Trabalho à Peça

José Neto
 

José Neto

Bem esteve o camarada Jerónimo de Sousa, S. Geral do PCP, ao denunciar, no recente debate com Ferreira Leite, o “trabalho pago à peça” que o PSD defende, como forma de remuneração dos juízes, no seu Programa eleitoral. Ou seja, os magistrados receberiam incentivos tanto maiores quanto mais processos resolvessem, quanto mais depressa os encerrassem.

Tratar-se-ia da aplicação pura e simples, aos magistrados e aos tribunais, de critérios de produtividade e de gestão empresarial, como se de empresas se tratasse.

Na vizinha Espanha, único país da União europeia em que a experiência foi feita, os resultados foram por demais negativos, revelando a total incompatibilidade da isenção e independência dos juízes com a solução do pagamento “ao quilo”, no dizer de António Martins, presidente da Associação dos Juízes portugueses.

Esta indignidade mostra bem que o PSD não quer ficar atrás do PS em matéria de humilhação dos magistrados, ao deixar implícita a tese da falta de empenhamento ou de trabalho dos juízes, como já tinha feito o PS, a propósito das férias judiciais.

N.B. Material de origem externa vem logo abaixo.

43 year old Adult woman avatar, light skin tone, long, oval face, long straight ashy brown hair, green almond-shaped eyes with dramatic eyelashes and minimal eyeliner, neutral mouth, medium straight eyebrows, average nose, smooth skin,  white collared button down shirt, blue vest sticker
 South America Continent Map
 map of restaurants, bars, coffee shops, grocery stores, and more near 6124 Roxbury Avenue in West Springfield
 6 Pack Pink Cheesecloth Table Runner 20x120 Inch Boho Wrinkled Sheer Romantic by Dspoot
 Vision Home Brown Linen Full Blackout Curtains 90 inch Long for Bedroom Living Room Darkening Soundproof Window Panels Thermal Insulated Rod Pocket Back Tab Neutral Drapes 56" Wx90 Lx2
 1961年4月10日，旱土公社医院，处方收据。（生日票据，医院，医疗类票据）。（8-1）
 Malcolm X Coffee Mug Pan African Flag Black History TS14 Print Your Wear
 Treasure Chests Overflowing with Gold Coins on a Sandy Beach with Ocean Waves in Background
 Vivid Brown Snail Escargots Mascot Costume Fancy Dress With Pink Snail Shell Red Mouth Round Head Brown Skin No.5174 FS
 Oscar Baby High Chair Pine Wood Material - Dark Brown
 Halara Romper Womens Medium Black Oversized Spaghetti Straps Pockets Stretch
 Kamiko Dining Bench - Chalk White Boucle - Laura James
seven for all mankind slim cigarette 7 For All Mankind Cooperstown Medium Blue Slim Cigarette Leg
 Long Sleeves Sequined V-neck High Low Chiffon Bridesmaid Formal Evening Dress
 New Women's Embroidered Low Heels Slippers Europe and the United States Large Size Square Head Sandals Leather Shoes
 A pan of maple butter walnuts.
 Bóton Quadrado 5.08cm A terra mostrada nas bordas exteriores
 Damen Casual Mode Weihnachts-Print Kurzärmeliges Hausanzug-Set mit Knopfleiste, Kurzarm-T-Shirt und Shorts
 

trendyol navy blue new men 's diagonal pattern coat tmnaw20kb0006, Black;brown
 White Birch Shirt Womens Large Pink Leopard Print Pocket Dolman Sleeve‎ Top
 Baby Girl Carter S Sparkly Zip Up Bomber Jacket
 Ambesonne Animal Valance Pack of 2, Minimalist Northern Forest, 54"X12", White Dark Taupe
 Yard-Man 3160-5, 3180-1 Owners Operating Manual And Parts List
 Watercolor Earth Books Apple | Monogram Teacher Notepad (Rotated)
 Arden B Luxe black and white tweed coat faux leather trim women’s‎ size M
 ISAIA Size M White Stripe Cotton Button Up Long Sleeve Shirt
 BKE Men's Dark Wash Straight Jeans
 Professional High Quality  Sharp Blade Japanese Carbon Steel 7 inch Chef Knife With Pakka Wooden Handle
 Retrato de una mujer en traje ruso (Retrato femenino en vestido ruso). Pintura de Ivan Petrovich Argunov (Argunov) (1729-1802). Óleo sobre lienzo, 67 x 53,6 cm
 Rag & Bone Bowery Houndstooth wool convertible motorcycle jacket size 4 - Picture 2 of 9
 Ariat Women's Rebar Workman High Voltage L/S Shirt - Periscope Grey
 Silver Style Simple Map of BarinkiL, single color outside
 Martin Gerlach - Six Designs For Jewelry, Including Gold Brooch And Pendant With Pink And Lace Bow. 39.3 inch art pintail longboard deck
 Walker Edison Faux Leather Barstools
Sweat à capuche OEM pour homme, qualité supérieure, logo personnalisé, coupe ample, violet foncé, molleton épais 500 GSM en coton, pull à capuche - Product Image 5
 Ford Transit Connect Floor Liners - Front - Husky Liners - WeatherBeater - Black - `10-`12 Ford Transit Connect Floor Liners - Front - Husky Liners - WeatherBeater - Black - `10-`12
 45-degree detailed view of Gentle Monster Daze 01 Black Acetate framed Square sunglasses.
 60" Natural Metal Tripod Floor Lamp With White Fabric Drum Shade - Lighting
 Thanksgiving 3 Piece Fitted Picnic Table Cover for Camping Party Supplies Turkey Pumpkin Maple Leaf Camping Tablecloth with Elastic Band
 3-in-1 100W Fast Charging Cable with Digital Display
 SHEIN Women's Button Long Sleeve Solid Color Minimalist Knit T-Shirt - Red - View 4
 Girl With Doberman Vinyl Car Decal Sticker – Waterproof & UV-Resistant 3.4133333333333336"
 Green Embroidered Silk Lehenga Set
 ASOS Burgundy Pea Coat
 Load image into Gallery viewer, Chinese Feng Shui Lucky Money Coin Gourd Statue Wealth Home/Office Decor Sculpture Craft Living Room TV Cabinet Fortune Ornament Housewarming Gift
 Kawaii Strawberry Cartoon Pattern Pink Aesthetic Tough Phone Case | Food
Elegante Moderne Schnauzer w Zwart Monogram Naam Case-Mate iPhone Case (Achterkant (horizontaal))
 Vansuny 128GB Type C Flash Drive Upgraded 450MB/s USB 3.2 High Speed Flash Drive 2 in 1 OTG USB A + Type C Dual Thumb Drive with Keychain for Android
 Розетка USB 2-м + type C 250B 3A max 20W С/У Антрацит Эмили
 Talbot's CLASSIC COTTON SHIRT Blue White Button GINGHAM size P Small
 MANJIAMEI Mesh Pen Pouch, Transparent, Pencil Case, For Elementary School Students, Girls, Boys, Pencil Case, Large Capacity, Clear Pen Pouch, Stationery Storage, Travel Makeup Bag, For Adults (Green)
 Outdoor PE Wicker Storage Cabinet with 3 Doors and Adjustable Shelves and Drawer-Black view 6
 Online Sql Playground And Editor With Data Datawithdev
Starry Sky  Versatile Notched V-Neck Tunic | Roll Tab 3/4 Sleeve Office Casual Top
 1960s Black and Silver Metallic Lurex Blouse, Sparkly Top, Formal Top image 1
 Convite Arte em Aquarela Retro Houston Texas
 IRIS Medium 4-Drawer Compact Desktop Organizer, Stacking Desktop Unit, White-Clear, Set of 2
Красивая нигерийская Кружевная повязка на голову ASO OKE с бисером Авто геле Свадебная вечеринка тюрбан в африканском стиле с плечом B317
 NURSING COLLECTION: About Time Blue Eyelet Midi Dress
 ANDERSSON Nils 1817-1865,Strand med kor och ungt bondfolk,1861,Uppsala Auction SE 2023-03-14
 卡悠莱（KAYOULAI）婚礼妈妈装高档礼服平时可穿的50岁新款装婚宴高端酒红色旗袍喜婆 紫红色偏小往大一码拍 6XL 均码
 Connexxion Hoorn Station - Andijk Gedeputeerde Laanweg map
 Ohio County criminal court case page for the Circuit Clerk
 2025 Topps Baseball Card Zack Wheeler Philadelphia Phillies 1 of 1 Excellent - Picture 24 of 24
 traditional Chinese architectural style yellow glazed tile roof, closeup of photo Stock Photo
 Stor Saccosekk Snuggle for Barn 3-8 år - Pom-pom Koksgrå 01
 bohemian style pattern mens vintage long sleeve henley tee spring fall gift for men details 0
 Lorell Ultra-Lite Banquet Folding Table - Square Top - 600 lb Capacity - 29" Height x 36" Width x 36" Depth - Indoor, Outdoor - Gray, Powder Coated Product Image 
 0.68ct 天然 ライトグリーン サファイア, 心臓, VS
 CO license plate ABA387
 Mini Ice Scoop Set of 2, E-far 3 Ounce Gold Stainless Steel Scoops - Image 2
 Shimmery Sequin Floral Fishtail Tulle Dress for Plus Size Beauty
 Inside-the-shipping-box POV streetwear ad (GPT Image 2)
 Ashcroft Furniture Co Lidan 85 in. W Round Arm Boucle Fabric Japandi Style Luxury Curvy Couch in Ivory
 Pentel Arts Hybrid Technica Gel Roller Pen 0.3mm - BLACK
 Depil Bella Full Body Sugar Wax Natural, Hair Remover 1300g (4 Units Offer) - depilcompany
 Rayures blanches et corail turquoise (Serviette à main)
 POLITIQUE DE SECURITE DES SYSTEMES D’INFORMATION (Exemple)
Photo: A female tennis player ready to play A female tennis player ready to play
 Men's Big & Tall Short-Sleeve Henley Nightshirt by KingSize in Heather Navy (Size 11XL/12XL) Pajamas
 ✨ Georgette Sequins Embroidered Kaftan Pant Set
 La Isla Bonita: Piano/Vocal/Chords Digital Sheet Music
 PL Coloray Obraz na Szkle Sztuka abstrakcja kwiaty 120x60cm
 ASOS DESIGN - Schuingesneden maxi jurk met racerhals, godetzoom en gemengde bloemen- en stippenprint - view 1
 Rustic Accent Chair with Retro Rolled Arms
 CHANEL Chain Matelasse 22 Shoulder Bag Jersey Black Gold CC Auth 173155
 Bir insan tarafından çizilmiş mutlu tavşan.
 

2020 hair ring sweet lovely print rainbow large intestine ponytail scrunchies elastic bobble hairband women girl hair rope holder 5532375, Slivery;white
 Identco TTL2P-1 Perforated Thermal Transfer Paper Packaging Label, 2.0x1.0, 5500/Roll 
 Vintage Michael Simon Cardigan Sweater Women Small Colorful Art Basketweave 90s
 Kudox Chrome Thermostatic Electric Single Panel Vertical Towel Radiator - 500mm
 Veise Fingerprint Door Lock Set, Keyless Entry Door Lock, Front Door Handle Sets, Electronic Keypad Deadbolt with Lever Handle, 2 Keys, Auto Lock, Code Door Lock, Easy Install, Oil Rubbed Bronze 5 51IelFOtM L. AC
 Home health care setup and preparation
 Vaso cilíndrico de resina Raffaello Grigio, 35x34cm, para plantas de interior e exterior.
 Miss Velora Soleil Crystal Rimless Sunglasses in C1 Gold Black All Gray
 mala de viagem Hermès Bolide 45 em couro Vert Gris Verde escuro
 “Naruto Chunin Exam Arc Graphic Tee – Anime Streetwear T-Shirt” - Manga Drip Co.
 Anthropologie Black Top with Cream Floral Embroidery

Mas, esta que aparece, à primeira vista, como uma proposta “peregrina”, não o é verdadeiramente. Ela prende-se com determinados interesses. Se não, vejamos: qual é a sua origem? Como também denunciou Jerónimo de Sousa, a fonte é o chamado “Compromisso Portugal”, aprovado em 2004, no célebre conclave do Beato, que, estamos lembrados, juntou a “nata” dos nossos empresários e gestores capitalistas. Nas sua conclusões, em matéria de Justiça, pode ler-se, a págs. 20, a proposta de “... introdução de um sistema de incentivos (incluindo prémio variável) na remuneração dos magistrados em função do seu desempenho.” Elementar!

A razão de ser de tais propósitos radica na sempre alegada morosidade processual que, sendo real, temo-lo dito, é geralmente mal analisada e sobretudo instrumentalizada, como é o caso. É sabido que os atrasos da justiça não se verificam em relação a todos os processos e, muito menos, a todos os intervenientes. Como é sabido, igualmente, que o “sistema” possibilita a quem tem dinheiro e conhecimentos utilizar a própria lei e os (oportunos) alçapões que abre para levar, quantas vezes, os processos à prescrição.

De resto, as “preocupações” dos interesses económicos pela justiça e pela “crise da justiça” vão ao ponto de a apresentar como a fonte e causa da própria «crise» da economia, asseverando que a economia portuguesa só avançará se mudar o sistema da justiça. Daí os apelos recorrentes à sua reforma e as propostas que há longo tempo vêm apresentando, muitas das quais vão pouco a pouco fazendo o seu caminho, como aconteceu com o Pacto para a justiça, assinado por PS e PSD, ideia que foi parida, e que está em letra de forma, no já referido conclave.

No fundo, tudo ideias, propostas e soluções que visam levar a água ao moinho da estratégia de subordinar o poder judicial ao poder económico, de que o PSD tem sido um fiel defensor, em convergência com o PS e o seu Governo.

Neste, como noutros campos, o Programa Eleitoral do PCP, não dá margem para dúvidas, adiantando entre outras propostas e considerações em torno dos problemas da Justiça, que: “A dignidade do Poder Judicial exige a dignificação das profissões jurídicas e das suas condições de trabalho (…)”. Este é um compromisso, sempre assumido, que o PCP continuará a honrar na próxima legislatura.